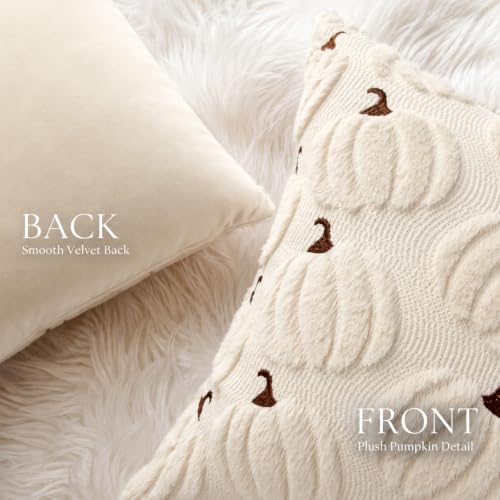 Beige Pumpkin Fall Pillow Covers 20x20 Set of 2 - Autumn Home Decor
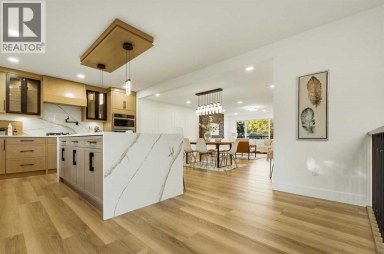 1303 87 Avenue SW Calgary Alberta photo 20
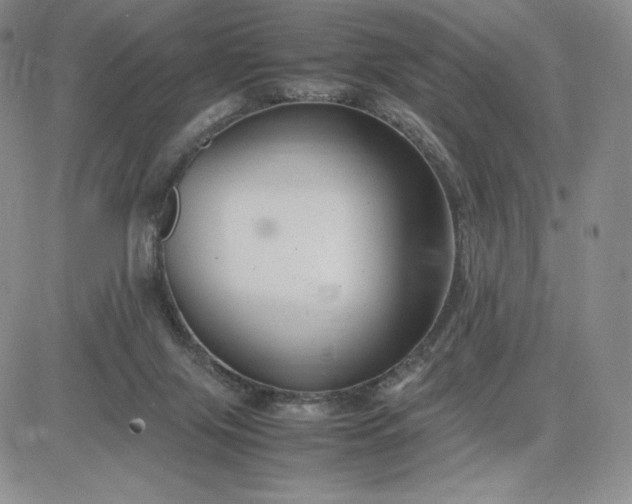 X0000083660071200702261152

...

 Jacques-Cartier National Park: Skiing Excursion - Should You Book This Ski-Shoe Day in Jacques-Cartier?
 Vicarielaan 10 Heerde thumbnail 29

--

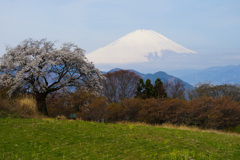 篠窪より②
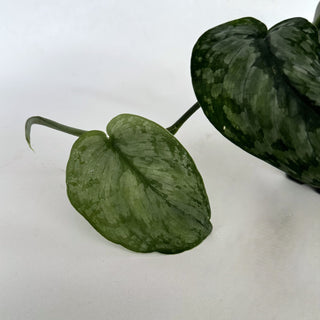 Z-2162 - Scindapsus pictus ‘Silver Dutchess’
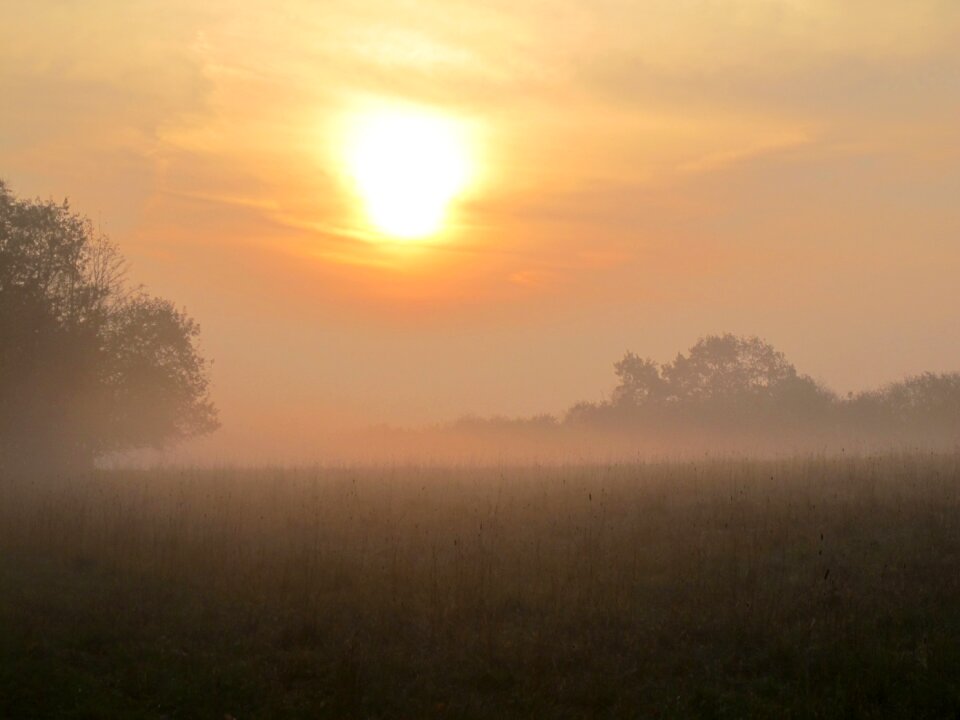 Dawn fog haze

Task: Nothing but the lines above from the line with "Beige Pumpkin Fall" up to and including the line with "X0000083660071200702261152" should be returned, exactly as written and without pictures.

Answer box:
 Beige Pumpkin Fall Pillow Covers 20x20 Set of 2 - Autumn Home Decor
 1303 87 Avenue SW Calgary Alberta photo 20
 X0000083660071200702261152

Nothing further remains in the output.